The adventurer clicked his tongue between his teeth, as if surprised such naivete could exist. “Don’t be silly,” he said. “The owl will have taken one look, laughed till it almost fell out of the sky, and flown away. Why bother coming back? I’m surprised they bothered checking at all. A ragged bunch like us won’t give the Rulers any trouble even if we don’t end up frozen for our trouble.”

“Oh,” the wizard said in a small, unhappy voice. He didn’t try to argue.

Hamnet Thyssen wouldn’t have, either. He saw things the way Ulric did. He and his comrades were likely just putting off the inevitable – and, chances were, not for very long, either.

Trasamund sucked horse blood out of his mustache. “Let’s get going,” he said. “If we have to do this, we’ll do it.”

Hamnet admired his determination. Living up to it was something else again. Every muscle in his arms and legs and back groaned when he got moving.

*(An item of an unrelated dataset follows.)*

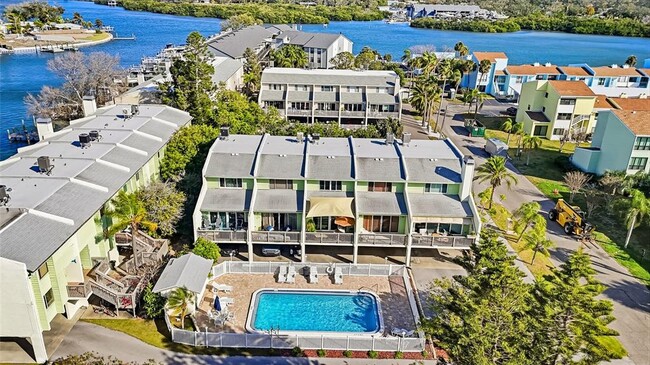 Building Photo - 318 Windrush Blvd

He’d done too much the day before, and he hadn’t slept on a feather bed after all. “I feel my age,” he said.

“If you weren’t old when you started this climb, you would be by the time you finished,” Ulric Skakki said, which also held a painful amount of truth.

Whether they could finish the climb grew less and less certain as the day wore along. The slope got steeper as they neared the top of the Glacier. They had to try several different ways to get around or over tilted blocks of ice. They’d taken harness trappings from the horses they killed. Those helped, but Hamnet wished the leather lines were longer.

“Careful!” he called when he saw a block shifting under Trasamund’s bulk. “You don’t want to start another avalanche.”

Trasamund held very still, then backed down instead of climbing on. The chunk of ice – bigger than he was – didn’t move any more. He nodded to Count Hamnet. “Thanks. I wouldn’t have had the chance to start more than one – that’s for sure.”

“Mm, no,” Hamnet said. “And what you started, the avalanche would finish.” Trasamund nodded again.

As they climbed higher, though, the Bizogots and Raumsdalians had to take more and more chances. It was either take them or have no way to go forward. They used what precautions they could. No one climbed right behind anyone else except when the going was uncommonly good or when there was no other choice. That way, if they did start an avalanche, it wouldn’t wipe out all of them. They hoped it wouldn’t, anyhow.

The long northern day helped. Even down in Nidaros, the sun would have set before they got close to the top of the Glacier. A mist coming off the frozen surface veiled the plains far below. “You know what someone looking up towards us would see?” Ulric Skakki said, pausing to pant atop an ice boulder as clear and sparkling as a jewel.